As I said, it sounds like cause and effect, the courts take violent threats seriously, especially if you admit to making them.


Actually Post Partum Depression is a psychological mindset that leads to some negative consequences, mothers drowning their babies, suffocating them, throwing them in dumpsters, etc. Women in jail are found to be more violent than men. And what he describes as to her brazen domestic violence toward him is more common than is reported, as men are usually ostracised, and sometimes ridiculed for doing so, yet, we are the ones with issues that the judge consider's.

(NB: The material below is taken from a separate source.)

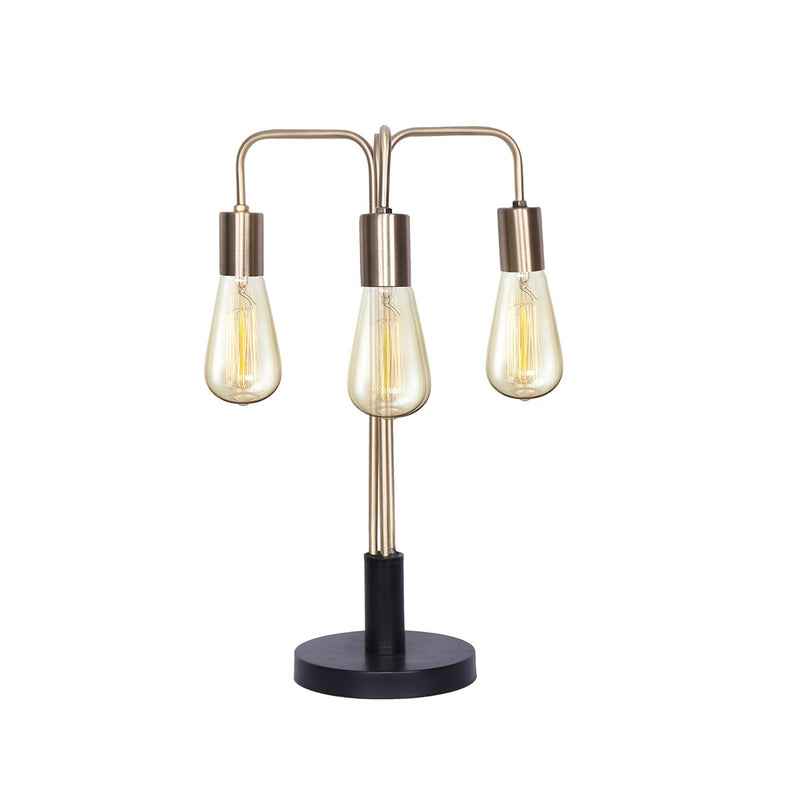 Exposed Bulb Industrial Table Lamp - Home & Garden > Lighting - Rivercity House & Home Co. (ABN 18 642 972 209) - Affordable Modern Furniture Australia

Consider this, taking in good faith, and pretending this guy's under oath, therefore having no cause to doubt him. I hear a common, way common story. A man has a child by a woman who assaults him and isolates herself and the child from him, she win's the footrace to the CS office as per paternity time line requirement advantages built into the system. He works hard, pays his debt, and refrains from returning the assault. She withholds the child from him, and a No Contact type restraining order is issued, which doesn't penalize any percieved threat for which there are already existing laws in effect to deal with, no this is not a duplicate law, it is a law specifically denying custody based on hearsay requiring little to no evidence at all. The restriction, limits your access to the child that by the time you could file for Custody, she has already won the time requirements for actual physical residence of the child which is a prime requisite of the decision, you are already made to appear the agressor which is another prime requisite consideration, and if you are jailed you are unable to make support payments and may lose your job, which is a third prime requisite considered. Thus, overall ensuring Custody will favor the Status quo. And he, the male, as the typical recipient of the larger pay will not only be deprived of a healthy relationship with your child and will be forced into the money making machine of CS until his child is 18. Knowing all this, and still not able to just kill these creeps, he is drawn into himself and made to feel impotent as a man and less than human, especially, as Society paints him into this box of being some kind of loser. Then if he turns to Society for, at the very least, confirmation that he's not wrong about being wronged, he is further debased by strangers. He threatens to kill himself out of leverage, maybe, desperate for anything and everything that might help him, but, also because he like I am stunned that he has not done so already, despite knowing how wrong it is, whether he meant it or not, deep down he thought it so yes he meant it- and drunk only removed his inhibitions against saying so. Selfish. Who? Him? Or the System.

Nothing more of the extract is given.